Peter sits down on CNBC’s The Rundown to discuss China’s rising real estate market. While Tier 1 cities like Beijing, Shanghai and Shenzhen have seen double digit growth, Tier 2 cities are also beginning to see their local markets grow.
Pauline Chiou: On the one hand we have seen some of the limits, the restrictions that have been put in place, whether it’s the bidding restrictions or limits on land prices; we’ve seen the effect of those at least in the first tier cities, based on the latest numbers that came out.
Peter: Well that is correct, you’ve got to think that the China real estate market is in its second bull market since the Global Financial Crisis in 2008. We’re now about 15 or 18 months into the second upswing since the GFC and that upswing has really been generated by policy measures which have removed some of the restraints that were put in place after the last bull market. But this bull market has been what I would call a two-speed market. We’ve really seen the big increases come in what I would call the Tier One cities, Shenzhen, Shanghai, Beijing, but those increases are now spreading to the smaller cities, even some of the Tier Three and Tier Four cities, and as you say, we’re now getting to a point where the vast majority of cities in China are seeing month-on-month increases in property prices, whereas a few months ago that would have been month-on-month decreases.
Pauline Chiou: And Peter while we saw a cool-down in Tier 1 cities, as you said, we did see a pick up in Tier Two, Tier Three cities, and you say that’s sort of speaks to the fact that China’s property market is really less homogenous than it used to be. Help us understand more of what you mean by that.

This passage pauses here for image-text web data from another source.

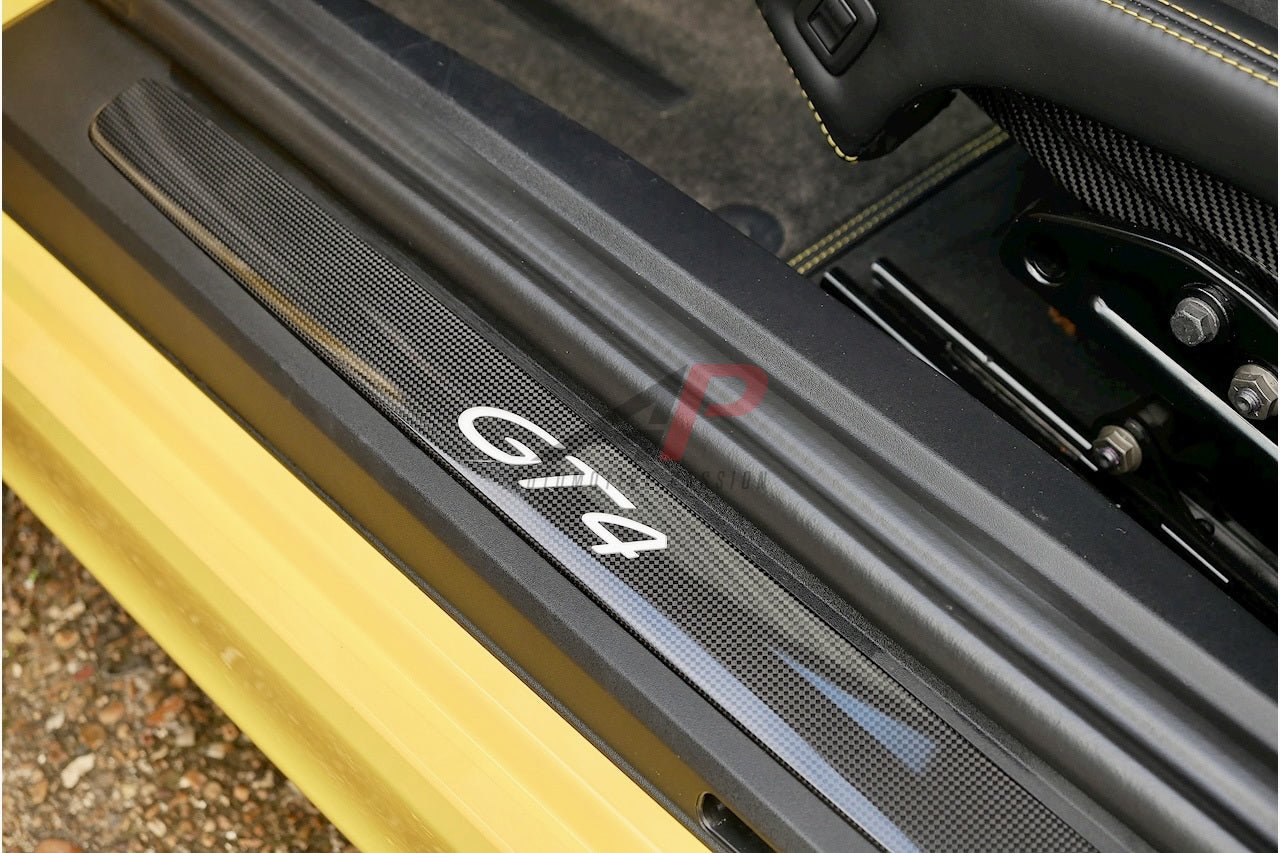 GT4 Carbon Entry Sill Guard – Porsche 718 Cayman Carbon Fiber Sill Trim Set (Original Style)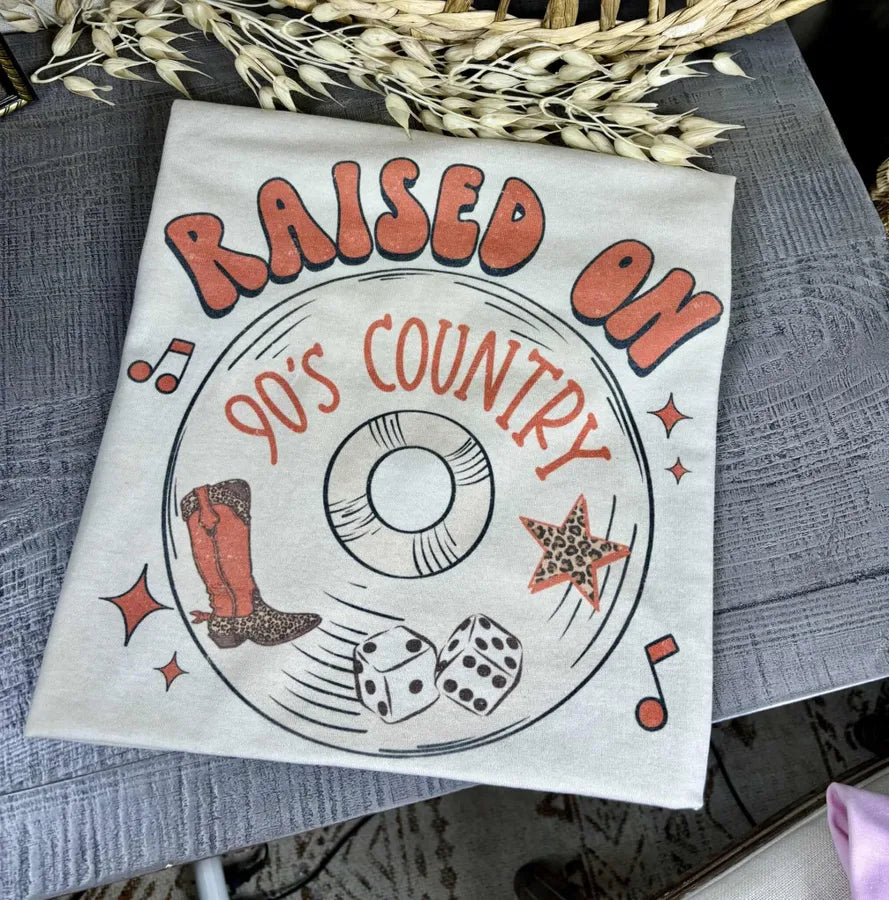Raised on 90's Country Graphic T-Shirt – Retro Country Music Tee | Soft Unisex Cotton
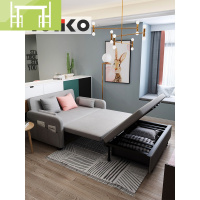 逸家伴侣北欧布艺沙发床可折叠双人阳台两用储物1.8米折叠储物沙发三人位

Peter: It used to be the case where just about every city went up and down together, but that’s not been the case in this particular cycle and I think that’s because a lot of the developers after the last cycle increased their land acquisitions and building activity in the smaller cities, the Tier Three and Tier Four cities, and what actually happened there was we ended up with a significant oversupply and a big buildup of inventory in those Tier Three and Tier Four cities. Even today, the inventory levels in those cities is running at 16 or 17 months, or even a bit higher in some cases, of average sales, whereas the inventory levels in Tier One cities are much, much lower at about 12 or 13 months. So I think what you’ve seen was that big build up of supply in those Tier Three and Tier Four cities which has lead the two-speed market.